_What you need to do_
Would you restate each line of the data below word for word, without its pictures?

_Input data_
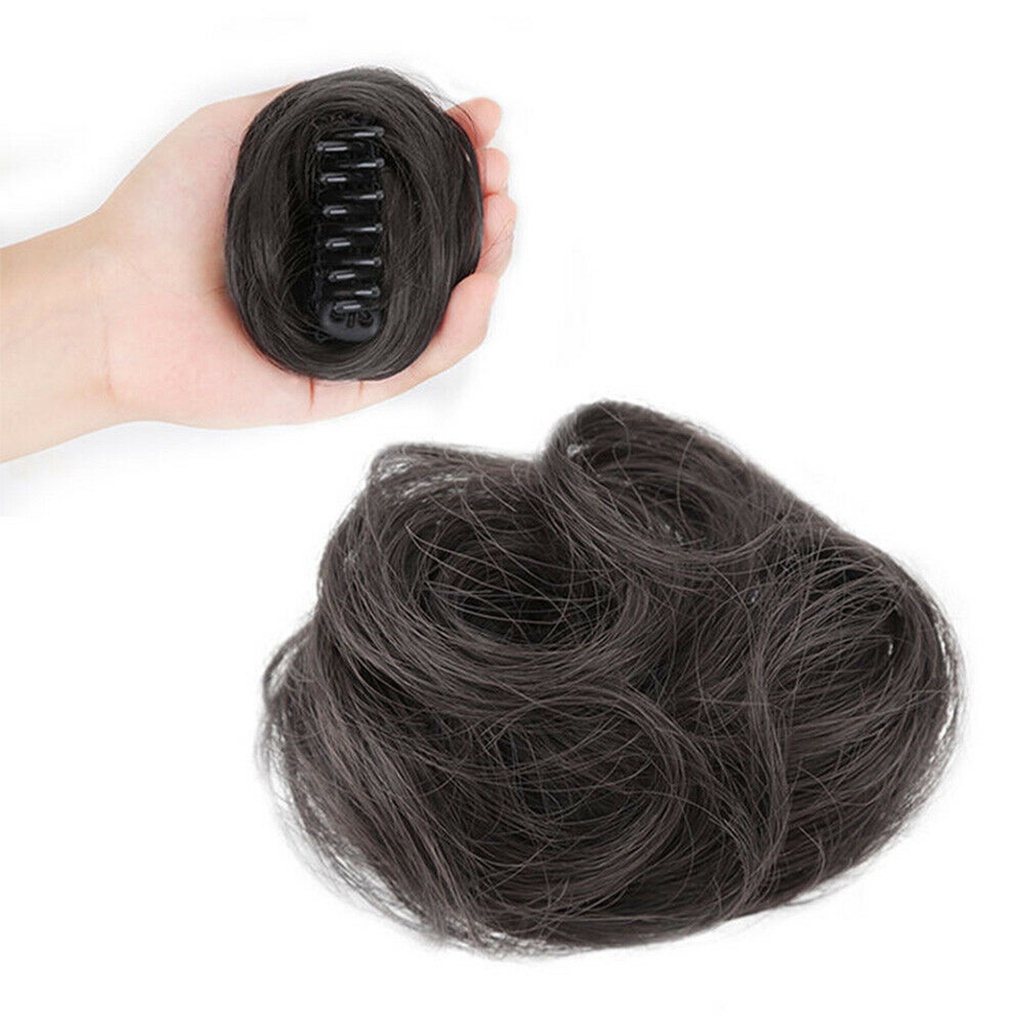 Búi Tóc Giả Xoăn Mini Có Kẹp Càng Cua Cho Nối Tóc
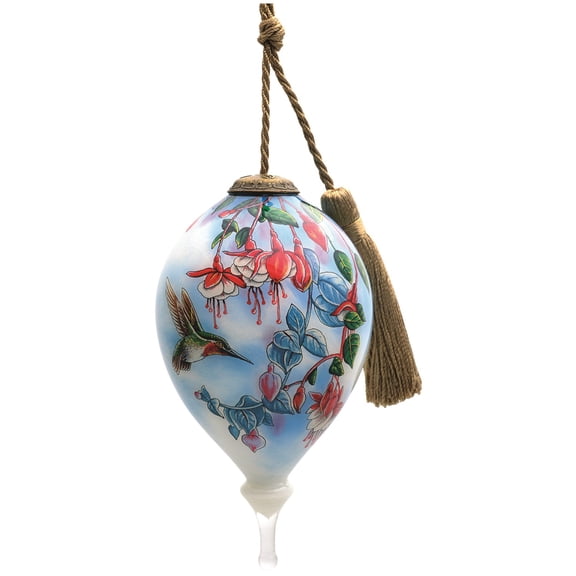 4.75" Broadtail and Fuchsia Hummingbird Christmas Finial Shaped Glass Hanging Ornament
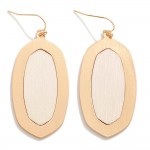 Wholesale wooden Hexagon Drop Earrings Gold Border L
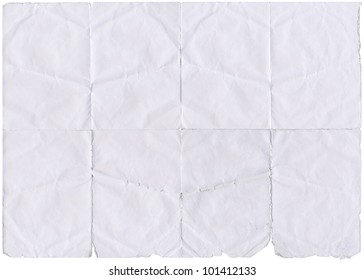 Isolated Old White Folded Paper With Torn Edges.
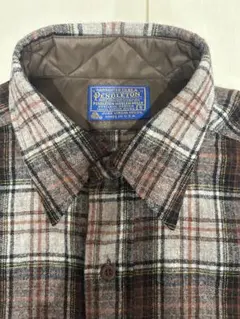 70s PENDLETON ウールシャツ M シャドーチェック ブルー×ブラック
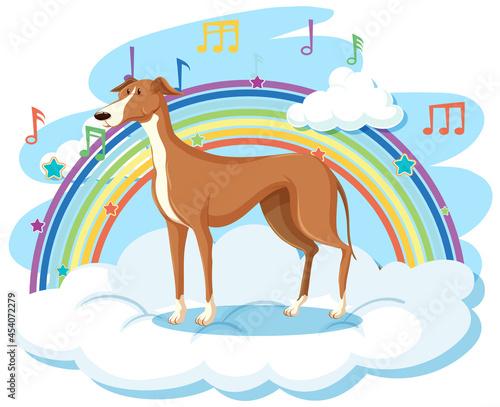 Cute dog on the cloud with rainbow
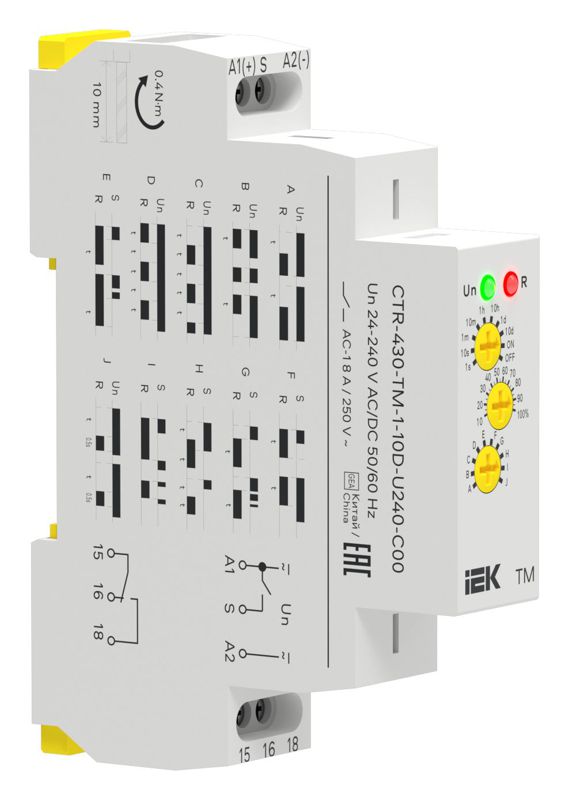 Реле времени многофункц. TM 1 контакт 24-240В AC/DC IEK CTR-430-TM-1-10D-U240-C00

_Written solution_
 Búi Tóc Giả Xoăn Mini Có Kẹp Càng Cua Cho Nối Tóc
 4.75" Broadtail and Fuchsia Hummingbird Christmas Finial Shaped Glass Hanging Ornament
 Wholesale wooden Hexagon Drop Earrings Gold Border L
 Isolated Old White Folded Paper With Torn Edges.
 70s PENDLETON ウールシャツ M シャドーチェック ブルー×ブラック
 Cute dog on the cloud with rainbow
 Реле времени многофункц. TM 1 контакт 24-240В AC/DC IEK CTR-430-TM-1-10D-U240-C00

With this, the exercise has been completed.